自己理解を深め、自分の心に向き合う考え方を一緒に模索するシリーズ。
心は何を言う?
頭と心が「カイリ」している。漢字で書くと「乖離」である。
この漢字、何やら漢字の「千」と「北」が合体したような形だ。いやそれとも「北」の真ん中に「千」が突き刺さっているのかな。
どのみち、手で書いてみると「北」が分断されているなあと感じるのだが、これは私だけだろうか。
――ハァ?
――マジでどうでもいい。
――欲しいものじゃない。
そんなものを求めてこのページを開いたんじゃない。
一体この人は何が言いたいのだろう。
こんな風にちょっと思ってたのとは違うなあという話をされた時、あなたの心は何と言うだろうか。
ここで敢えて「心は」と問うてみるのは、「頭は」何とでもいくらでも言えるからだ。
何なら、「ちょっと思ってたのとは違うなあ」という感想さえ頭が上手に処理した結果なんじゃないかということだ。
あなたの頭はあなたが思っている以上に非常に優秀。
今目の前で繰り広げられている事象に対して即座に解釈を与えることができる。
そして、心が仮に違和感を感じても、それがはっきりと言語化される前に頭がそれはなぜなのかを考えることができる。
ここでの解釈とは、その場を壊さないために、上手くやり過ごすために理性が働いた結果出てくる「考え」だ。
「この人は何を言いたいのかな?」「きっとこういう導入をしたのには理由があるはずだ」「今後の伏線なのだろうか?」
そう言ったものは今目の前で、「なんだかちがう」現象が起こったことによって生まれた解釈だとしたら?
これからの話は、「心が分からない」時に読んでほしい。そして少しでも自分自身をより深く理解する助けにしてほしい。
自分の心が分からないひと
心は何と言うか。心が何を感じるか。
そう問われた時に、即答できる人もいる。「つらい」「悲しい」「嬉しい」「好き」と。
しかし即答できない人もいる。あるいは即答できない時がある。
私は即答ができないことが多い。心が何を感じるか? ――分からない。
尋ねてみても応答しない。
そういう時頭の中は白くなる。緊張して真っ白になるのではなくて、靄の中にいるように白くなる。言葉として何も出てこないのだ。
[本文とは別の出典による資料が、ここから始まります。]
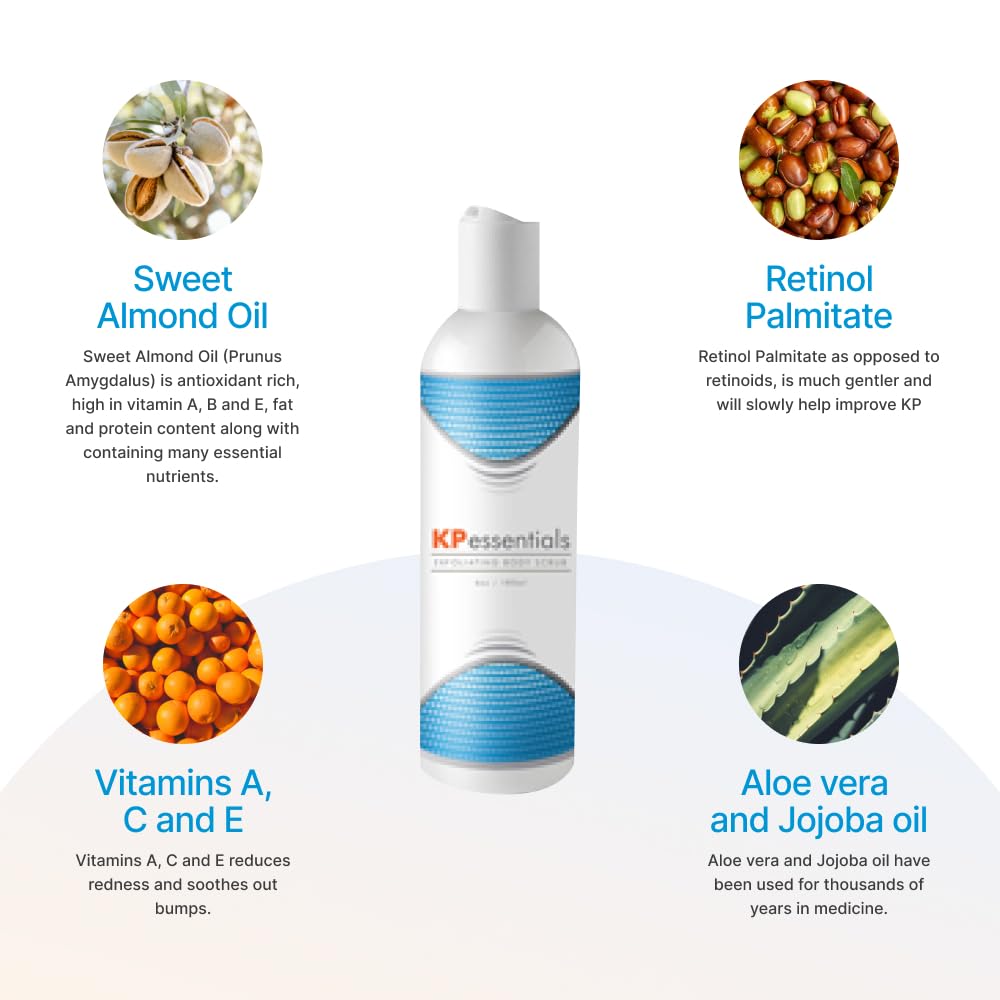 KP Essentials - Keratosis Pilaris Exfoliating Body Wash - Wash Away Red Bumps Caused By KP for Confident Clear Skin, 12oz (2 Bottles) (1 Bottle)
こういう時、じゃあそもそも心がないだけじゃないのか? という考え方もあるが、違う。
心はあるのだ。あるけど表に出ない。
「確実にありはするけれど、実体は全く姿を現さない」存在なのだ。
だって、心が本当にないのなら即答できる気がするんだ。「何も感じない」と。
心はある。あるのだけど、表に出ない。
こんな悩みを持つ人も一定数いるんじゃないかな。
リアクションが薄いとか。
本当に嬉しいと思ってる? 楽しんでる? とよく人に言われるとか。
――あるんだよ! ほらここに!(でもどこに?)
――思ってる!
思っているのだけど、平均的な温度で表に出てこない。平均的な熱量では出てこない。
そしてそのこと自体もなかなか言葉にして言えない。
それも心がどこか遠くにいて、応答するのに時間がかかっているような状態かもしれない。
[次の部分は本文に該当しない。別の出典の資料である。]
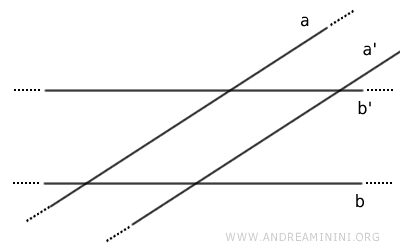las paralelas de dos rectas secantes también se intersectan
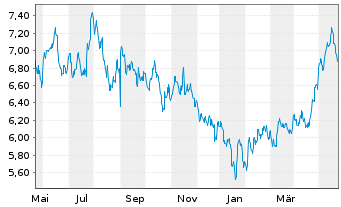 Chart xtrackers MSCI China USD - 1 an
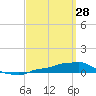 Panama City Beach tide chart for Saturday, March 28, 2026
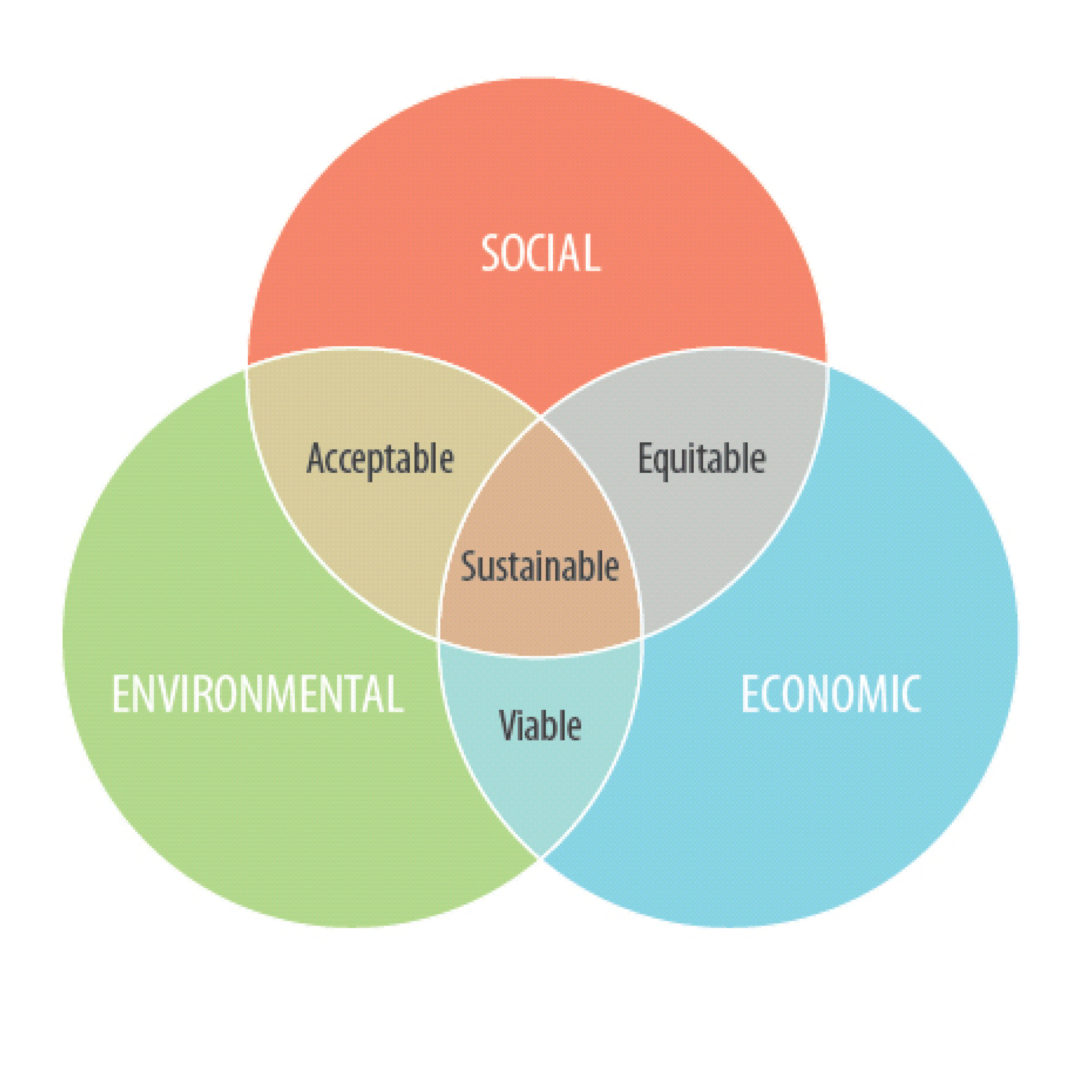 sustainable architecture diagram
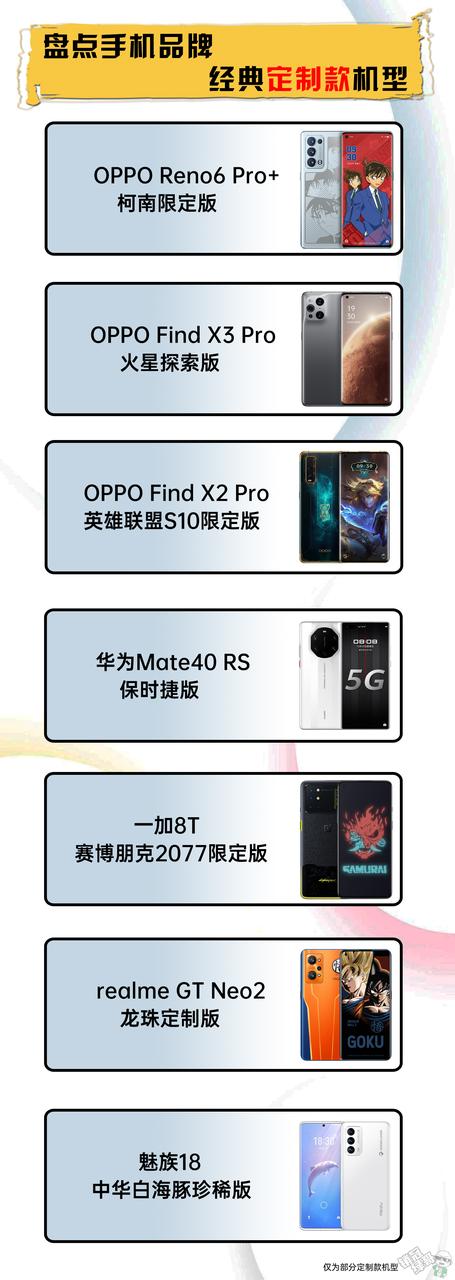 跨界做手机有哪几家,手机厂商纷纷推出高端手机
「あるんだけどね」って、やるせない思いをしたことがあるんじゃないかな。
頭と心が離れていると、色んな事が歪むんです
自分の心が分からないことは頭との距離ができている状態とも言える。
頭と心が乖離している。
これによって色んな歪みが発生している。
「感情が表に出ない」、「気持ちを言葉にするのが遅い」、「行動に歪みが生じる」、「自分を責める」、「否定的な反応」、「常に自信がない」、「二重人格」など、頭と心の乖離によって説明できる事象が多いのだ。
私はこれに自分で気づくのにおよそ30年かかった。
そして最も驚きというか、自分の中で発見だったのが、
「ネガティブの本質は頭と心の乖離なんじゃないか」という気づきだった。
頭と心の乖離があるから、ネガティブになるのだ。
自分の心を自分自身が一番分かってあげる
このシリーズはこれが目標。
どれかの記事だけでも、一緒に考えてみてくださいね。